Gordes is on the side of the Vacluse mountains which are the last outpost of the Alps down towards the Mediterranean Sea. The hillside is thick with limestone rocks. What to do with all the rocks in your fields? Pack them into walls to get them out of the field.

Or build a shed out of them. This is an olive grove with a tool shed. This type of construction is called corbelled building. Antonia was interested in going to ‘Le Village des Bories’ outside Gordes because it is made entirely of corbelled buildings. Antonia is a member of the Vernacular Architecture Society of South Africa (VERNACS). There are corbelled buildings in the Great Karoo which the VERNACS have visited and are currently busy recording. Seeing we were near to Bories she wanted to see the buildings there. The founder of the VERNACS had been here in the past. Those two photos were taken on our walk to Bories from Gordes which is where we started our proper walking tour from.

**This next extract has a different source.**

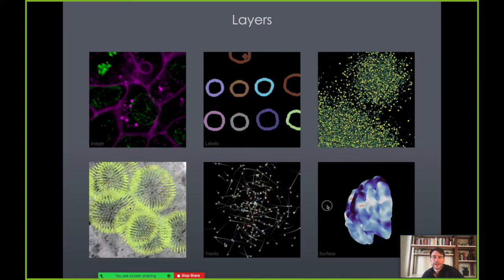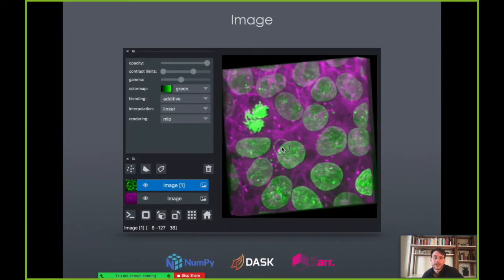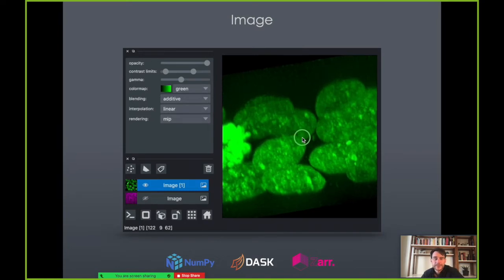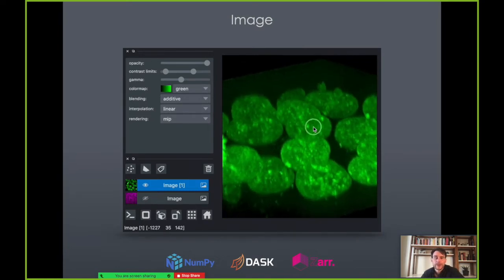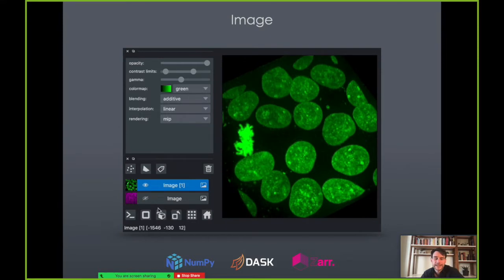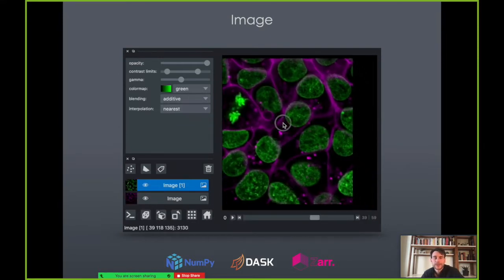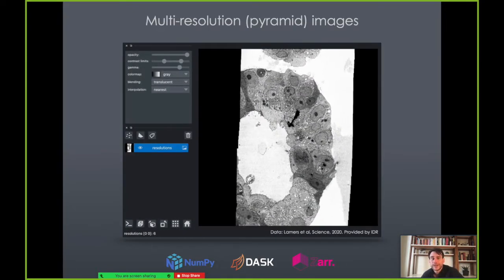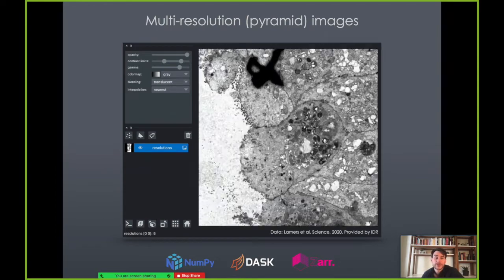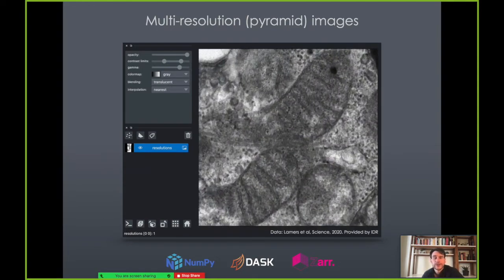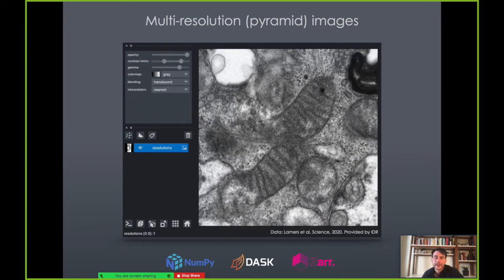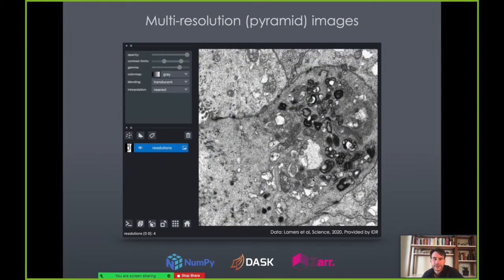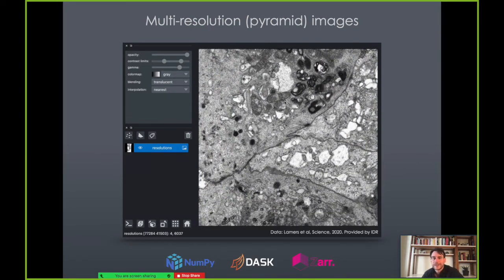The image layer is probably our most fundamental. You can have 2D rendering, 3D rendering, adjust contrast limits, and color maps. We work really well with array-like data from NumPy, Dask, or data backed by Zarr. We can also support multi-resolution pyramid image data. This is an electron micrograph that's hundreds of thousands by hundreds of thousands of pixels, and in a lazy loading fashion, kind of Google Maps style, we load in just the amount of information you want to see on screen, retaining interactivity even in really large datasets.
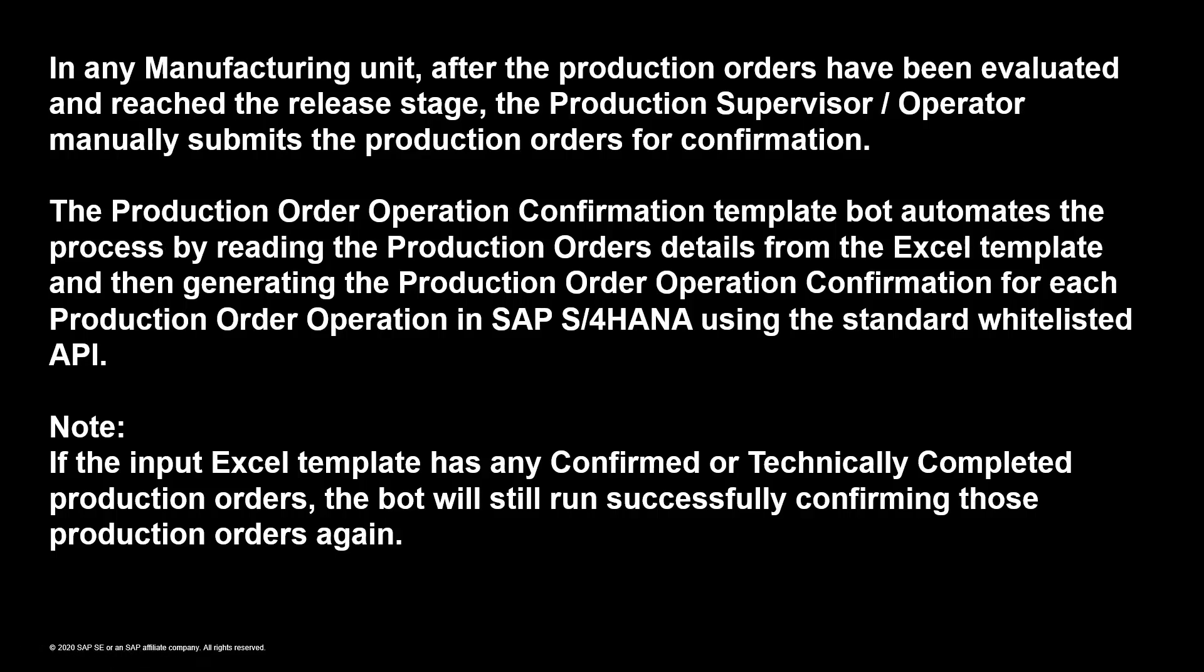In any manufacturing unit, after the production orders have been evaluated and reached the release stage, the production supervisor or operator manually submits the production orders for confirmation.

This is one of the buildings in Bories. A corbelled building is built out of dry stone (no mortar or cement is used; the stones are simply stacked on each other). The distinctive feature is the roof which is made by placing each layer slightly inwards so you end up with a building made entirely out of stones; no wood is used at all, even for the roof.

A view of the roof from the inside (not the same building).

There are seven buildings in the village, only one is a single room separate building. The others are like this. Part is for people & parts are barns or for animals.

I think this is the single room building. Note how tall it is.

Another view of the same one I think.

The building on the left has a ‘window’ – very unusual for Bories.

The hills in the background are Le Petit Luberon. The town where the Malans came from is Merindol & it is just behind the highest point but close to the river Durance on the far side. Those are Holm oak trees in the photo. Notice how much uncultivated land there is in Provence. Over the next three days we were going to walk from here (Bories is close to Borges where we were staying) to Lourmarin which is close to Merindol, mainly through the forests you see in the picture. I had wanted to see the country my ancestors had to flee.

This building is more ‘modern’ shaped with straight walls and a definite start to the roof which also has sharp corners on the hipped end edges. Also has a tiny window. The buildings had collapsed and have been rebuilt so they probably were not so ‘perfectly’ shaped originally.

When they were first built is unclear, there is discussion about it in this link:

It may have been as long ago as the Bronze Age or not before the 15th century according to that link though the last building was in the 1800s which is also when the site was abandoned. Is this the one built in the 1800s?

I am pretty sure this must be the last to be built. Note the frame around the door and window; that is typical of most of the buildings you still see in Provence now. Note the big stones on the corner of the building; again common on the buildings in modern towns in Provence. Plus it is two stories high. This is a museum giving information about Bories and how it was restored between 1969 & 1976. It has pictures of other corbelled buildings around the world but South Africa is not listed. Antonia spoke to them and will be sending them the VASSA Journal about corbelled buildings in the Great Karoo. Antonia had a proper look at the genealogy of people known to have lived in Bories which is inside this museum. Look what she noticed:

I will zoom in further.

My son is called Anton Malan. So the Malans were here too and way back in 1572 & even before that. Not a chateau to have in ones history but I am very content to have this in my record.

I wonder if the Meynards became our Maynards. The x1592 Lacoste is the date of a marriage in Lacoste (a town nearby) is that the origin of our farm name La Cotte? I will make a separate post about this topic.